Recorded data

::::

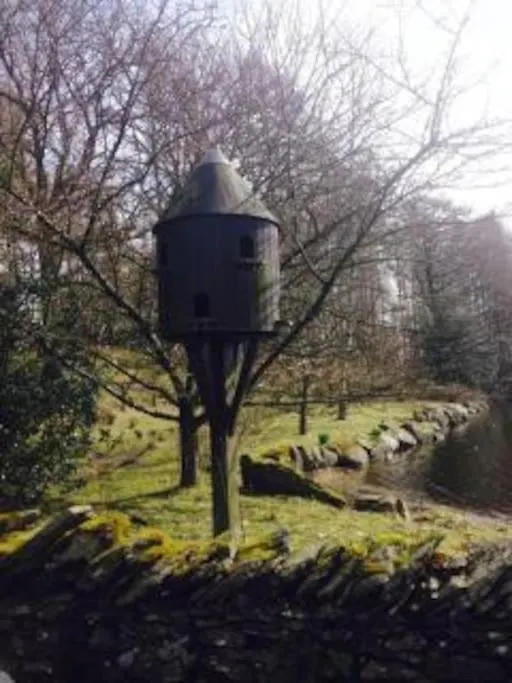 Winterfell Gorgeous Garden, Great Location * Bowness-on-Windermere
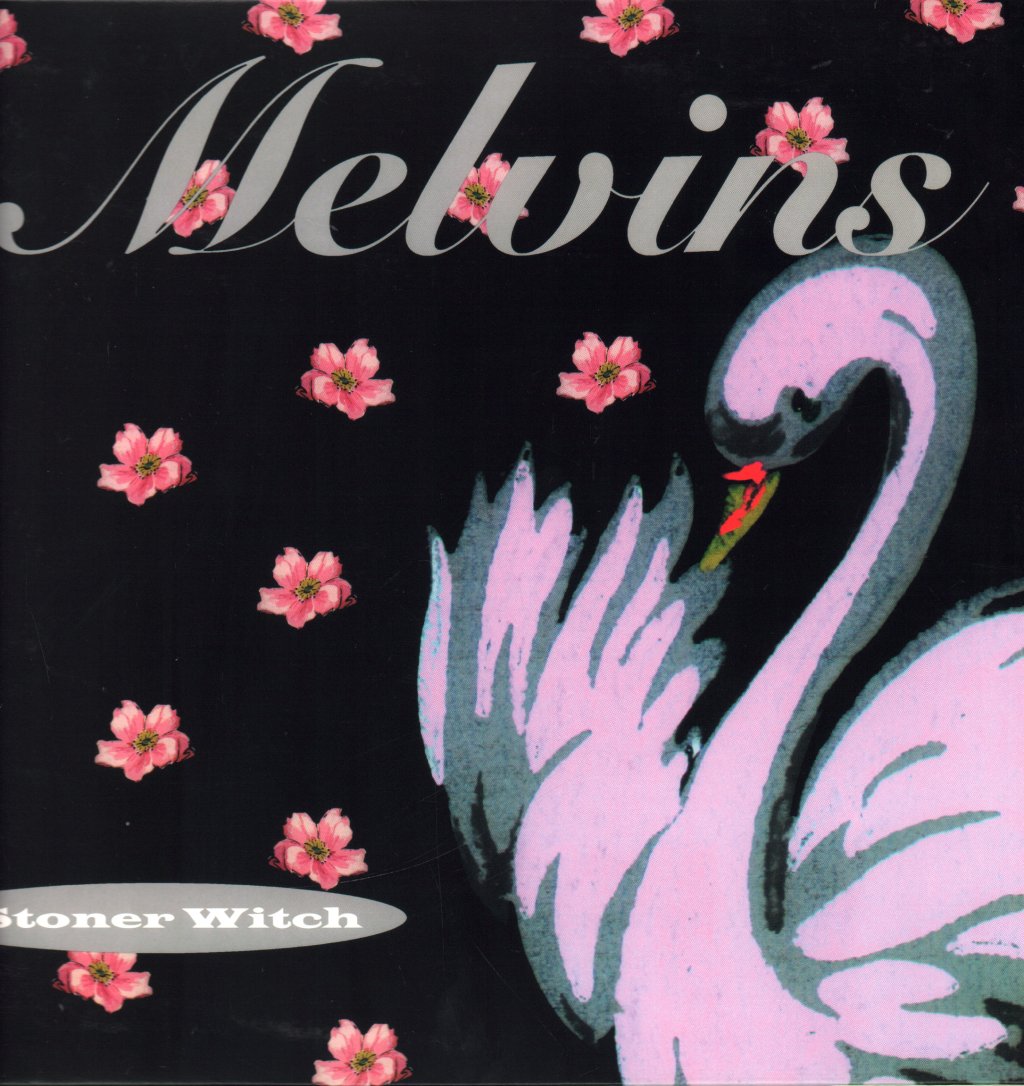 Melvins - Stoner Witch - Lp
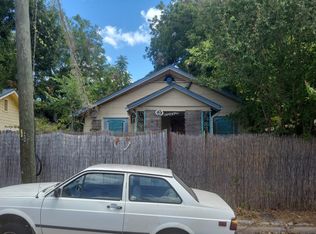 2404 Santa Rita St, Austin, TX 78702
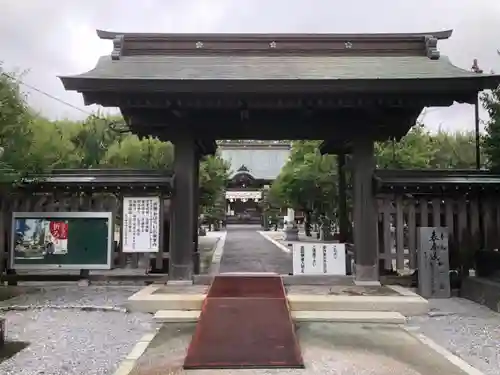 綱敷天満宮(福岡県)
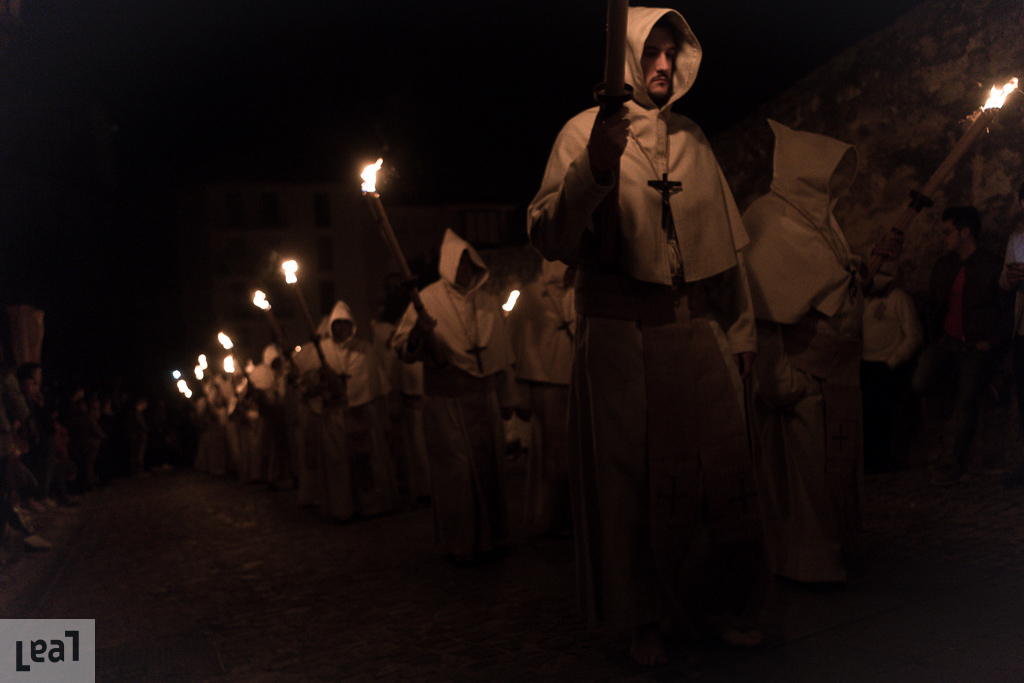 Momentos Semana Santa 2018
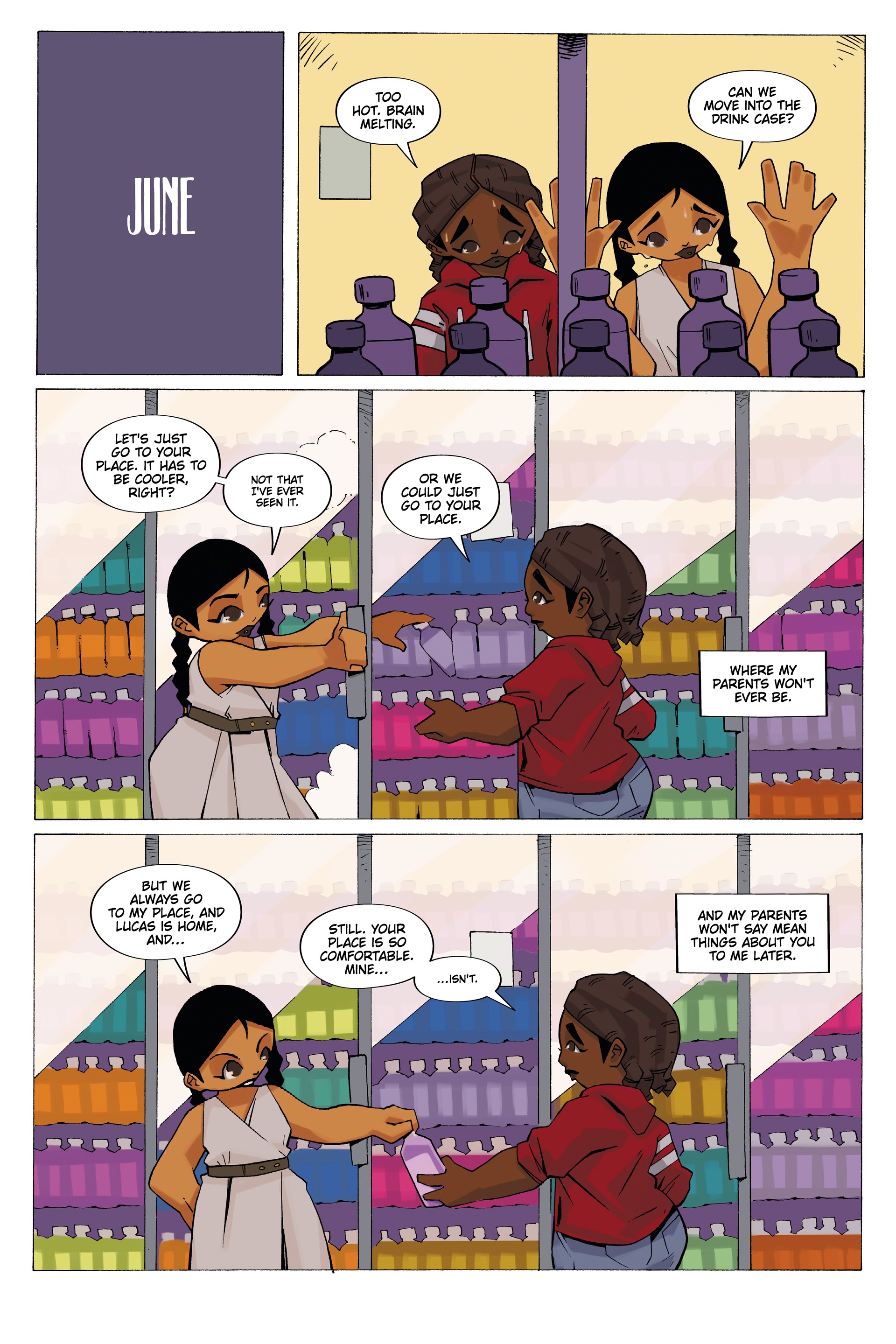 Read online The Airless Year comic -  Issue # TPB (Part 1) - 63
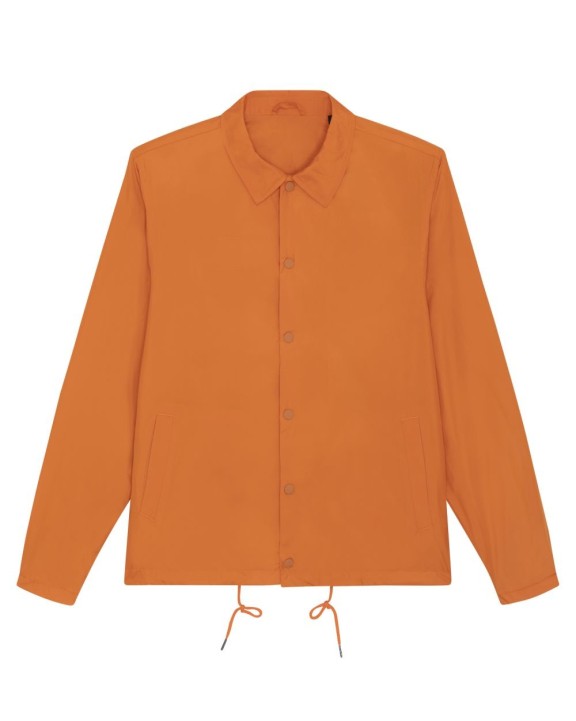 STANLEY/STELLA Coacher Jacke personalisierbar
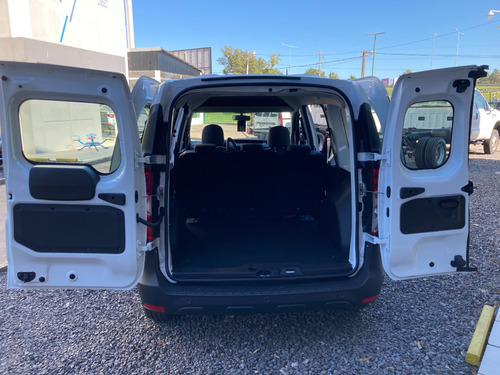 Renault Kangoo Ii Express Confort 5a 1.6 Sce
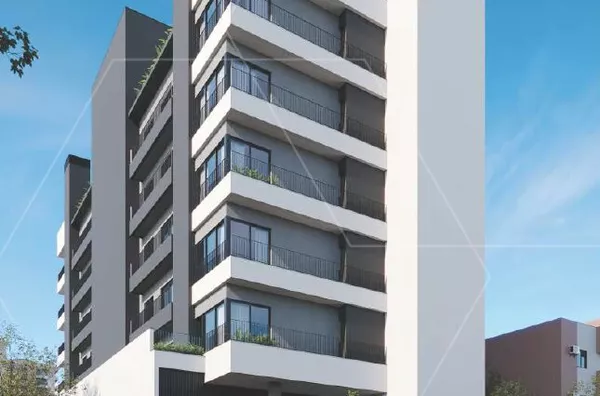 Apartamento 605 Ed. Pinot Noir, para venda,  Parzianello, Pato Branco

::::

• **WHAT TO PRODUCE**
The task calls for all records to be set down precisely, excluding any images.

• **YOUR RESPONSE**
 Winterfell Gorgeous Garden, Great Location * Bowness-on-Windermere
 Melvins - Stoner Witch - Lp
 2404 Santa Rita St, Austin, TX 78702
 綱敷天満宮(福岡県)
 Momentos Semana Santa 2018
 Read online The Airless Year comic -  Issue # TPB (Part 1) - 63
 STANLEY/STELLA Coacher Jacke personalisierbar
 Renault Kangoo Ii Express Confort 5a 1.6 Sce
 Apartamento 605 Ed. Pinot Noir, para venda,  Parzianello, Pato Branco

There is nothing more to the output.